Wie das geht, hat der Ex-Banker Carlo Kölzer mit seinem Unternehmen 360T vorgemacht. Bei der digitalen Devisenhandelsplattform können Unternehmen Währungsgeschäfte billiger abwickeln als bei Banken. Im Sommer 2015 griff die Deutsche Börse zu und kaufte die Anteile für 725 Millionen Euro von Kölzer und dem Frankfurter Finanzinvestor Brockhaus Private Equity.
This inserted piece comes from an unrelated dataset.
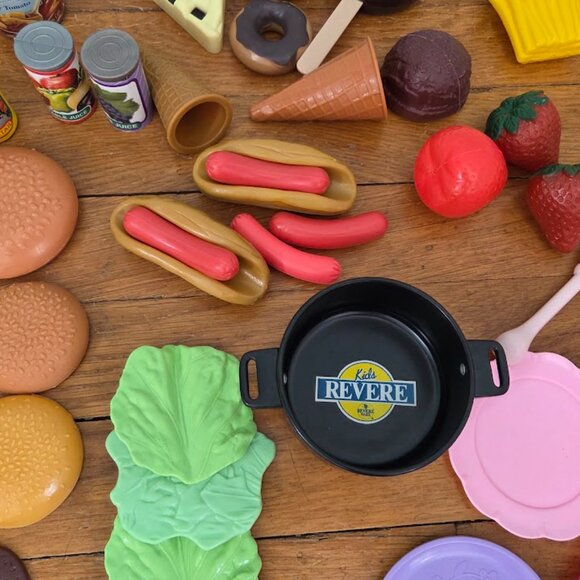 Vintage Lot of Play Food Desserts, Canned Goods, Veggies, and Pans - Picture 11 of 13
Ihre enge Spezialisierung macht die Angreifer nicht weniger gefährlich für die herkömmliche Konkurrenz. „Auch Ameisen können einen Elefanten töten, wenn jede nur einmal zubeißt“, tönte ein Gründer auf einem Finanzkongress vor zwei Jahren.

Doch diese martialische Rhetorik legt sich, vor allem bei FinTechs, die schon länger am Markt sind. Sie haben erkannt, dass die ihnen von Investoren und frustrierten Bankkunden entgegengebrachte Euphorie ihre alternativen Geschäftsmodelle nicht zum Selbstläufer macht.